This is the reply I sent you on May 12, 2008 7:49 PM

Dear Sir,

I think this issue of Sinhala Unicode should be spoken openly.

If I agree with you after calling you, there won’t be any effect on this problem because you can’t repeat it with all the people (hundreds of thousands of people ?) who accepts Sinhala Unicode.

I neither have any personal interest in so called Unicode problem nor I have any problem with you.

I believe what I see as truth and only sound arguments and facts backed by practical examples can change my opinion. Furthermore I think that kind of explanations needed to break Unicode can be expressed over web more flexibly.

Therefore, thanks for the interest shown in this subject, but No! I do not like calling you in this regard.

Many thanks,
Harshadewa
on May 18, 2008 at 10:49 pm | Reply Anuradha Ratnaweera

I don’t want to continue this discussion with Mr Donald.

Why?

He avoids answering questions asked in point form.

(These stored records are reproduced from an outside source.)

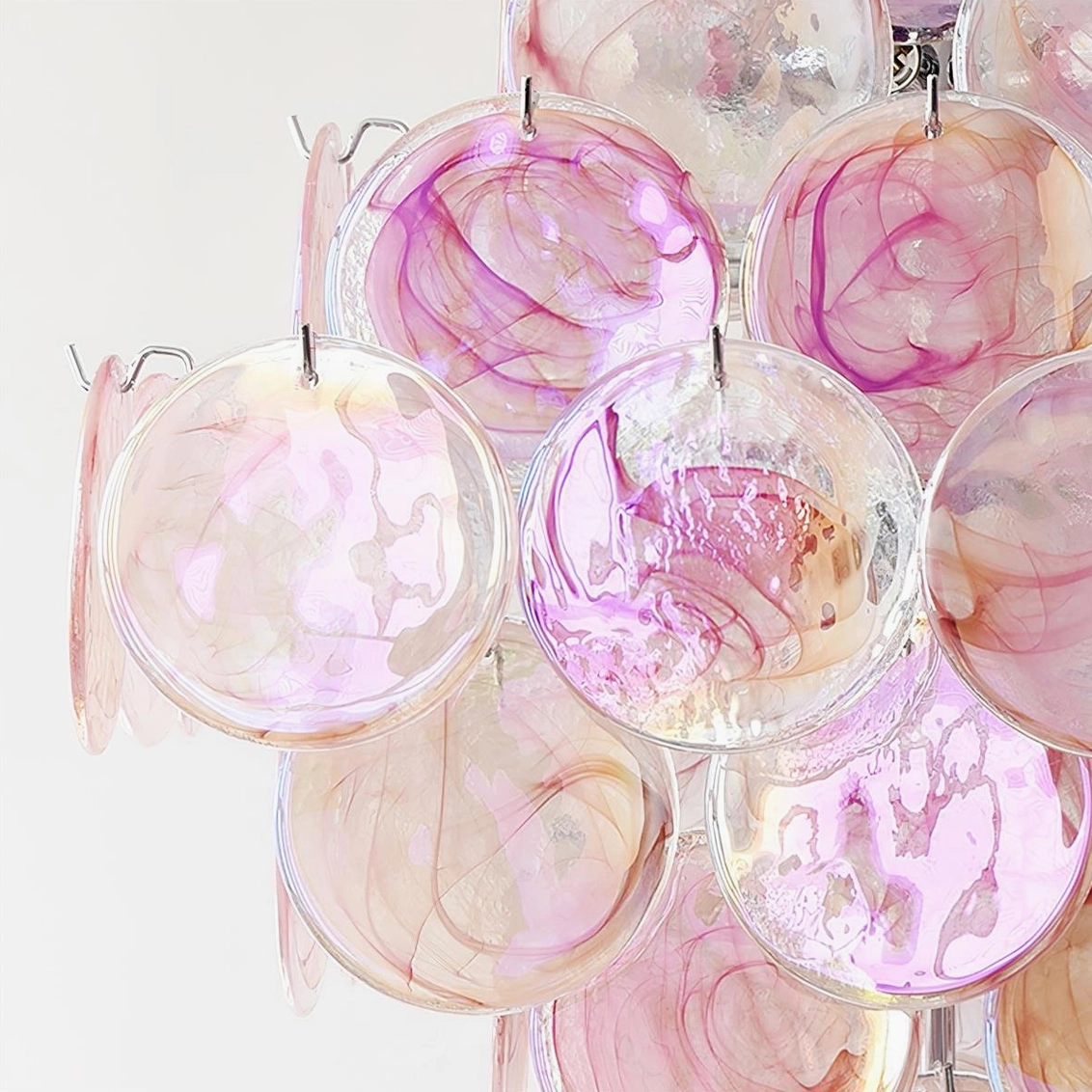 Hand-blown Murano glass disc chandelier color variation view featuring different glass tone options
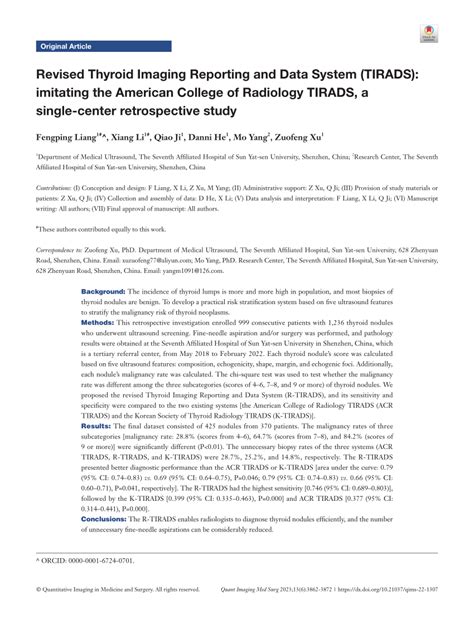 Pdf Revised Thyroid Imaging Reporting And Data System Tirads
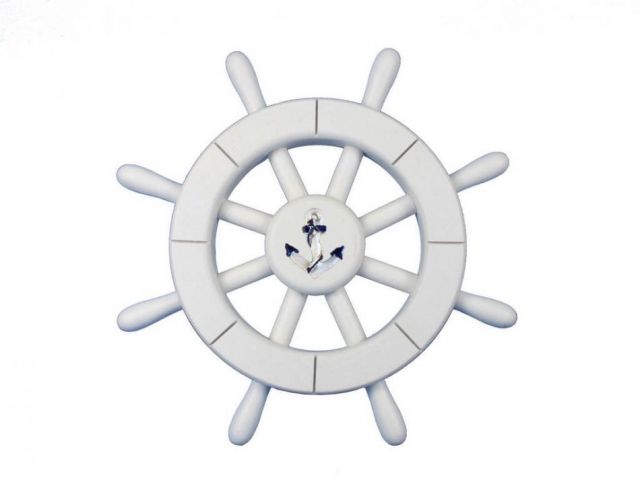 Rustic Light Blue And White Decorative Ship Wheel With Starfish 12
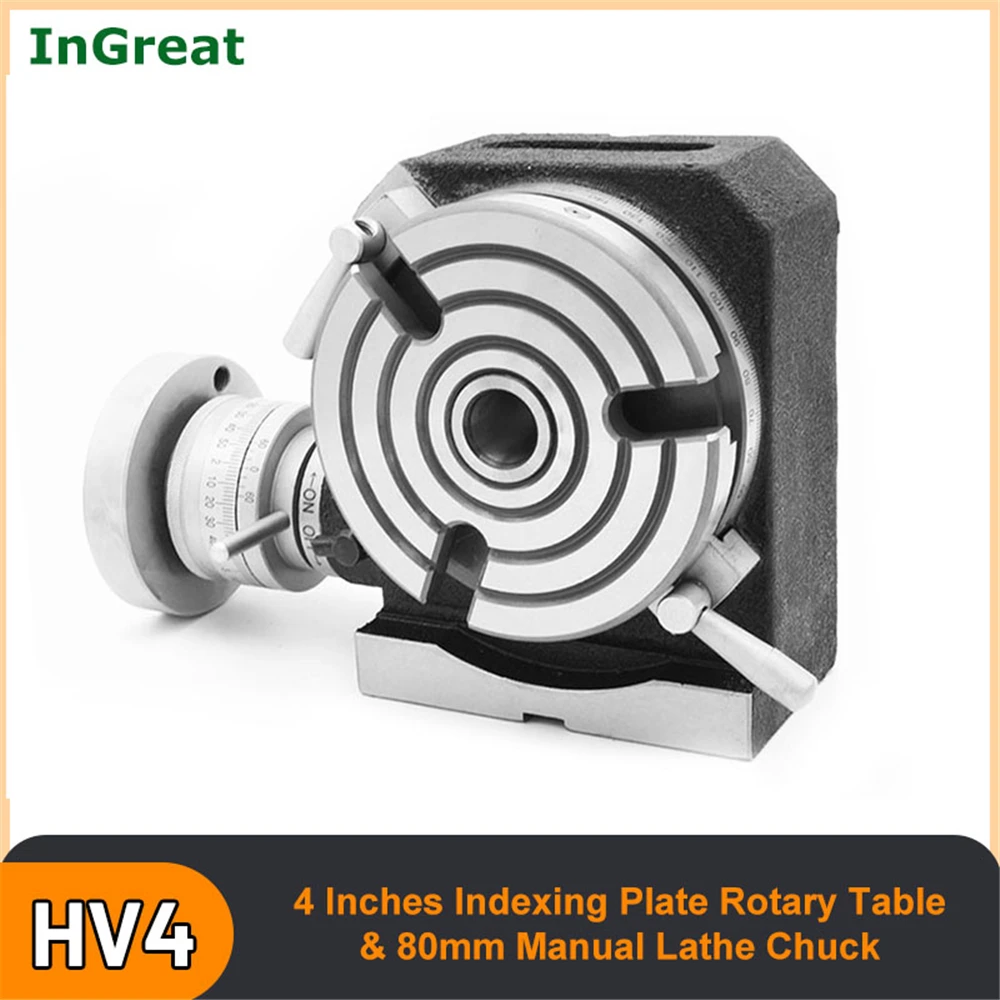 

4'' HV4 110mm Indexing Plate Rotary Table Dividing Head Vertical &Horizontal & 80mm Lathe Chuck for CNC Drilling Milling Machine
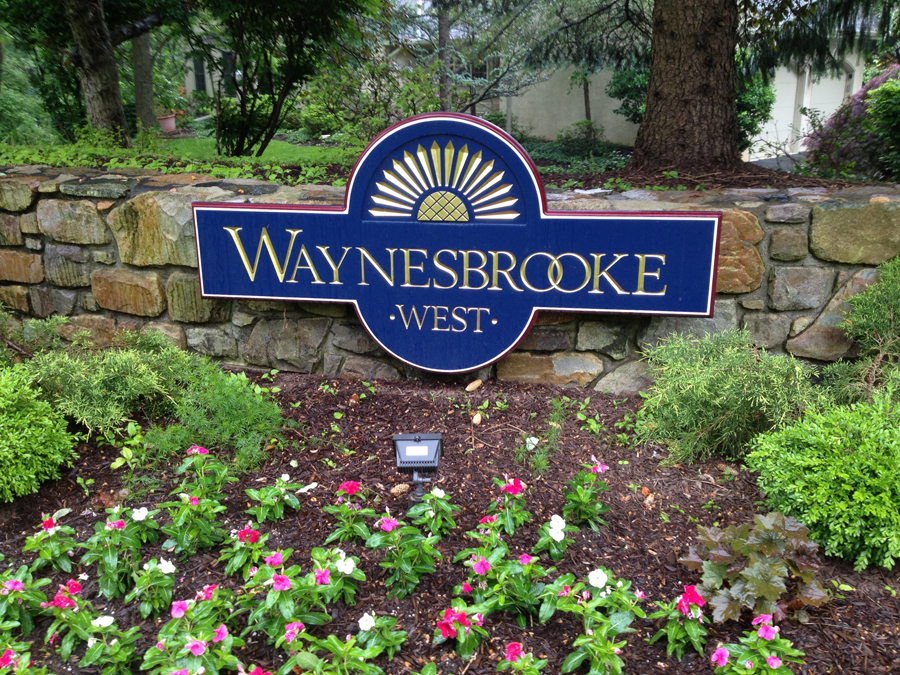 Waynesbrooke Redwood Monument Sign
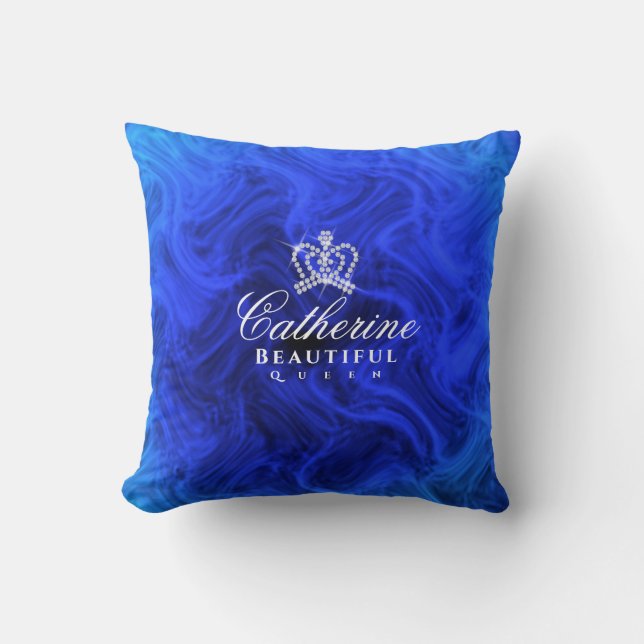 Glittering Crown Luxury Blue Throw Pillow (Front)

He also avoids the question: “isn’t Sinhala hodiya also incomplete?” 😉

He talks very vague. Here is an example:

“Best example is Sinhala text is not compatible across all platforms. No UTF values”

By “Sinhala text”, he probably means “Unicode sequences representing Sinhala text”.

The comment itself is a lie (if it is true, how can I read email sent by my Windoze friends), and of course, it is too vague.

And Mr Donald doesn’t seem know the difference between Unicode codepages and encoding schemes such as UTF-8.

Mr Donald says “No UTF values”. What are “UTF values”? There isn’t anything called “UTF values” in this context. You are probably referring to UTF-8 encoding scheme, which has got nothing to do with “values”.

See, you are confused. If you want to fight, know your enemy first. If Sinhala Unicode is your enemy, first take some time to study your enemy. 😉

Now I can predict what Mr Donald is going to do. He will send another shower of comments, so a newcomer may find it hard to find logical arguments amongst the mess.

If you can’t win an argument, confuse. A “draw” by “confusion” is better than loosing… 😉 I know it’s Mr Donald’s theory. And writing here is only going to help him achieve such malicious ends.

So, please await a better “reply”!
on May 19, 2008 at 1:26 pm | Reply harshadewa

Mr. Donald,

Thanks for the interest shown in this regard!

You will not be able to post vague comments on this Blog anymore. All comments from you will be waiting in the moderation queue.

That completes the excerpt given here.